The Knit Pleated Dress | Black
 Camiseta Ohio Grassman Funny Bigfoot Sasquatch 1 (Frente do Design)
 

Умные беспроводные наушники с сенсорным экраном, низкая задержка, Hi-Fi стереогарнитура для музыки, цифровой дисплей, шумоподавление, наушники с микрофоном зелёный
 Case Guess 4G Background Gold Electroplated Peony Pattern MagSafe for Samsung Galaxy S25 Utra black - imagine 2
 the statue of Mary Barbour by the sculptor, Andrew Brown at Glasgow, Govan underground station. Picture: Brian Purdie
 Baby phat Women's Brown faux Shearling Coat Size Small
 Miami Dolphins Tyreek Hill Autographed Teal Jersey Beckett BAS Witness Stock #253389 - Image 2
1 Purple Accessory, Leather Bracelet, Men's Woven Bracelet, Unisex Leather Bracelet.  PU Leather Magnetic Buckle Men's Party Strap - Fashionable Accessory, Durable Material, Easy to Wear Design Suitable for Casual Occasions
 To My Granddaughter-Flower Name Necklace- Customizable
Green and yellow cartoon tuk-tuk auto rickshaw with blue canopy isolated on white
**********
ACTIVITY: Transcribe all of the entries without alteration.

ANSWER TO THE EXERCISE:
The Knit Pleated Dress | Black
 Camiseta Ohio Grassman Funny Bigfoot Sasquatch 1 (Frente do Design)
 

Умные беспроводные наушники с сенсорным экраном, низкая задержка, Hi-Fi стереогарнитура для музыки, цифровой дисплей, шумоподавление, наушники с микрофоном зелёный
 Case Guess 4G Background Gold Electroplated Peony Pattern MagSafe for Samsung Galaxy S25 Utra black - imagine 2
 the statue of Mary Barbour by the sculptor, Andrew Brown at Glasgow, Govan underground station. Picture: Brian Purdie
 Baby phat Women's Brown faux Shearling Coat Size Small
 Miami Dolphins Tyreek Hill Autographed Teal Jersey Beckett BAS Witness Stock #253389 - Image 2
1 Purple Accessory, Leather Bracelet, Men's Woven Bracelet, Unisex Leather Bracelet.  PU Leather Magnetic Buckle Men's Party Strap - Fashionable Accessory, Durable Material, Easy to Wear Design Suitable for Casual Occasions
 To My Granddaughter-Flower Name Necklace- Customizable
Green and yellow cartoon tuk-tuk auto rickshaw with blue canopy isolated on white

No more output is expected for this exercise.